Acériculture 9 mai 2025

Une cabane à sucre où le temps est suspendu

SAINT-BLAISE-SUR-RICHELIEU – À la cabane à sucre Le Blairfindie, ne cherchez pas à payer par carte, à réserver par Internet ou à vous connecter au wifi. Les propriétaires de 73 et 76 ans, Christine Rhéaume et Gaétan Delisle, se font un devoir de recevoir le public dans leur petite salle à manger, comme ils le faisaient à leurs débuts, en 1998, en privilégiant le contact humain d’abord et avant tout.

« C’est drôle à dire, mais on parle à tout le monde », mentionne Mme Rhéaume, une semaine après la clôture de la 27e saison des sucres de cette cabane de Saint-Blaise-sur-Richelieu, en Montérégie. « On parle aux gens et je trouve que ça fait une différence [parce que] ça rend ça plus intime », dit-elle. Et ça commence par les premiers contacts au téléphone. 

En raison de la popularité de l’endroit, la septuagénaire a dû changer sa façon de procéder cette année pour la première fois depuis la création de l’entreprise, mais elle s’est toujours fait un devoir de rappeler les gens, soit pour confirmer une réservation quelques jours avant celle-ci, ou pour répondre à des messages laissés sur la boîte vocale. « Même si on n’avait pas de place, moi je les rappelais, puis ils restaient surpris. Ils ne s’attendaient pas à ça.

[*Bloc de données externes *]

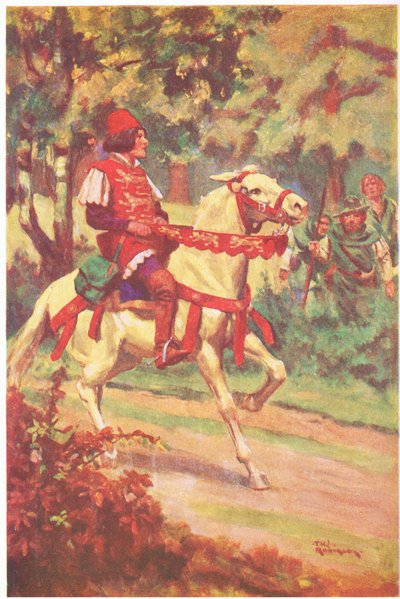 Robin et son compagnon ont vu maître Patrington chevaucher vers eux (lithographie couleur) - Thomas Heath Robinson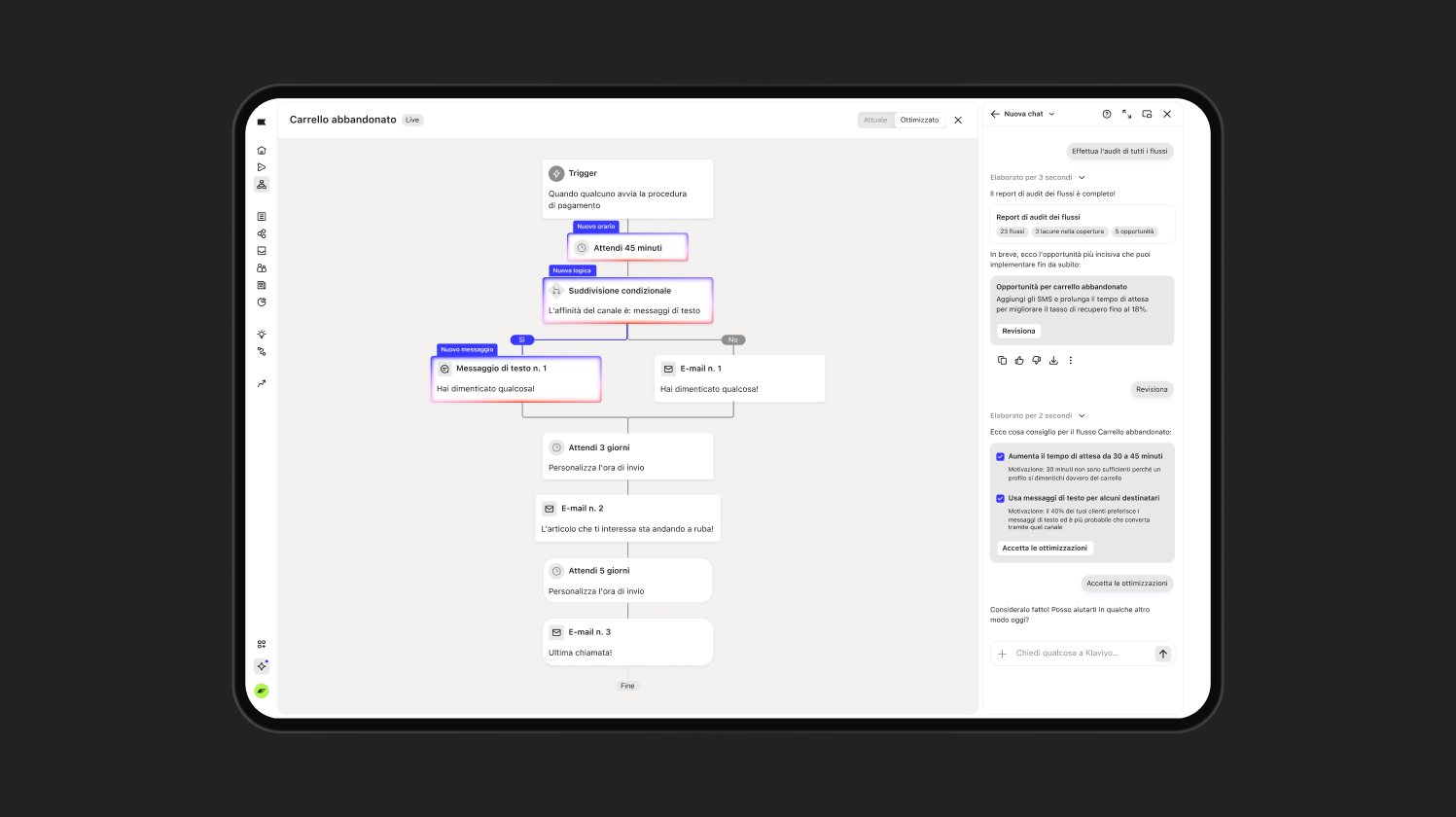 A tablet displays a workflow automation software interface with a flowchart for an abandoned cart sequence.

Puis, je pense que les gens aiment ça, parce que ça ne se fait plus », souligne-t-elle. 

Le contact avec les clients est aussi important durant le service. Gaétan Delisle présente à chacune des 14 tables leur plat signature, le jambon en croûte cuisiné par sa conjointe. Tout est soit préparé par elle ou provient d’entreprises locales. « Mais quand on vient au dessert, je sers le gâteau, juste pour pouvoir voir les gens puis leur dire bonjour », mentionne celle qui est aux fourneaux.

Pour moi, c’est important de garder un lien avec les clients. Mon mari, c’est du PR [des relations publiques]. Lui, il adore ça.

Christine Rhéaume
À chaque repas, Gaétan Delisle passe de table en table présenter le plat signature de son établissement, le jambon en croûte fait maison.
À chaque repas, Gaétan Delisle passe de table en table présenter le plat signature de son établissement, le jambon en croûte fait maison.

D’abord pour des collègues

À l’origine, c’est pour recevoir leurs collègues qu’ils ont commencé à organiser des événements chez eux. Gaétan travaillait alors à la Gendarmerie royale du Canada et Christine, à l’Association des membres de la police montée du Québec, mais ils cultivaient une terre de 10 hectares et exploitaient une érablière de plus de 2 000 entailles. 

Pour recevoir, le couple vidait la maison en mettant les meubles dans le garage et installait des tables à la place. Par la suite, le bois de deux granges a été recyclé pour construire la cabane qui accueille les gens aujourd’hui. « C’est comme ça que ç’a commencé, indique Mme Rhéaume. On ne voulait pas que ça soit gros, on voulait garder ça familial. » 

Et il y a fort à parier que la tradition se perpétuera pour cette famille. Bien que le couple n’ait plus l’énergie depuis quelques années de s’occuper de l’érablière (ils s’approvisionnent chez un voisin), leur fille Andréa et son conjoint reprendront la production l’an prochain. Le jeune couple, ainsi que leurs deux adolescents de 14 et 17 ans, viennent déjà de Mascouche, dans Lanaudière, toutes les fins de semaine, pour prêter main-forte en cuisine, à l’accueil ou pour ramasser la vaisselle sur les tables.